Because I’m working a full-time job. I’m also doing freelance editing after hours. I’m helping my sister with her university studies. I’m attempting to keep a house fit for human habitation at the same time as I slowly (very slowly) renovate it. And people keep inviting me to social events. While I’m sure I could happily never see another person ever again, I’m assured that it’s necessary for my mental health so I go and socialise. And every minute I’m doing it, I’m thinking to myself, “I could be writing right now.” And those 12 blog posts? Well, just last year I had – and was managing to maintain – about 65 blog posts ahead of schedule. Ah, the glory days of being a full-time writer!
What’s your point? I can hear you asking. The above is my long-winded way of letting you know that it’s not the end of the world when the deadlines (otherwise known as goals with time frames) that you set for yourself don’t get met. So your book or your blog post gets published later. So what?
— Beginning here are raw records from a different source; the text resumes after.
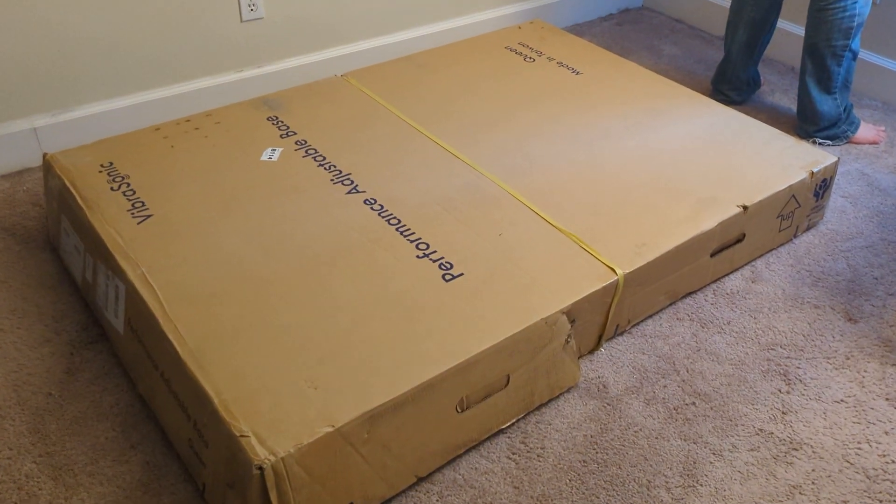First thing out of the box is the frame. I can't stress enough to please have a second person there to help because this thing is heavy. It was a struggle just to get it into the apartment, and getting it out and unfolding it is a two-person, even possibly a three-person job. It's heavy.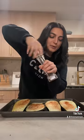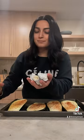Add some paprika, some black pepper, some garlic and some cumin. Add some oil. Into the oven for 30 minutes.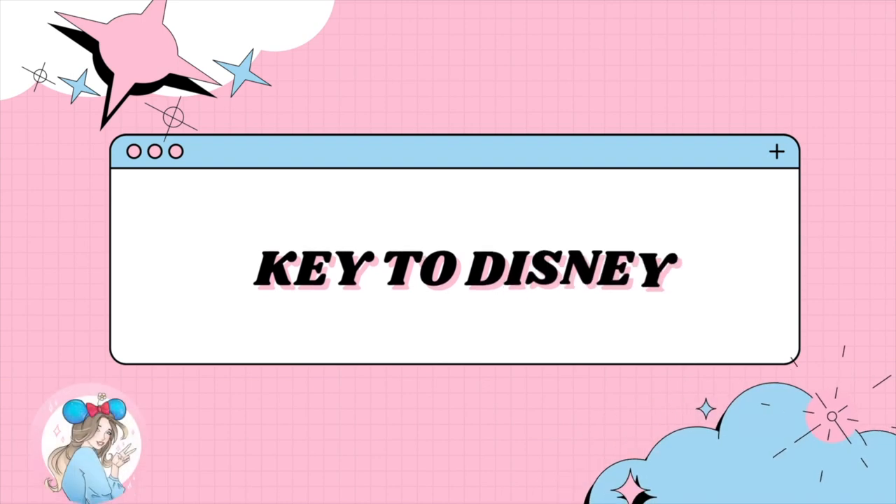Hello everyone, my name is Cami and welcome to my channel Key to Disney. If you're new to my channel, welcome — thank you so much for coming back. I mainly make Disney content with a sprinkle of bath and body work.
The one time it really is a problem is when you’re getting paid to write to a deadline. I was a paid corporate writer for over seven years and I never missed one deadline during that time. Probably because I wasn’t emotionally attached to what I was writing and everybody else seemed to like the results, so that was good enough for me.
Corporate writing is one thing but a publishing contract is another. I’ve written previously about how it isn’t always what it’s cracked up to be. This is from the second of two posts I wrote about why it’s unlikely you will and why you shouldn’t take it to heart when you don’t win writing competitions:
“The prize on offer for the winner of the Text Prize was a publishing contract, which is what we writers think we want. But I spoke to two people at the announcement party who made me wonder if I should be careful what I’m wishing for.
“The first was a writer who has been quite successful and has published a lot. But that writer also seemed very tired, almost on the verge of a burn out, because of contracts with short deadlines that had to be met no matter what. Writers without contracts can sit at home and tinker with our books for years trying to get them right without any such pressure. We bemoan the time as it ticks by without any seeming progress, but now I’m wondering if this is the simpler time we will later fondly look back on and dream of returning to.
“The second person I spoke to worked at a publishing company – there were quite a few different companies represented at the party – and I mentioned that I had enjoyed a book the company had published but hadn’t liked the sequel. ‘Neither did we,’ that person responded. ‘Even the author wasn’t happy with it.’
“‘Then why,’ I asked, ‘was it published at all? Why wasn’t it held back until the author was happy with the final result?’ I was told that there were international contracts in place with specific deadlines and that these other publishers didn’t care so much about whether it was any good, just that they could capitalise on the success of the first book by rushing out the second.”
If deadlines work for you, then by all means go ahead and set them. If they don’t, you can set them as well and then watch as they go by unmet. As Douglas Adams, author of The Hitchhiker’s Guide to the Galaxy, said, “I love deadlines. I love the whooshing sound they make as they go by.” Maybe you’ll learn to love the sound of them, too.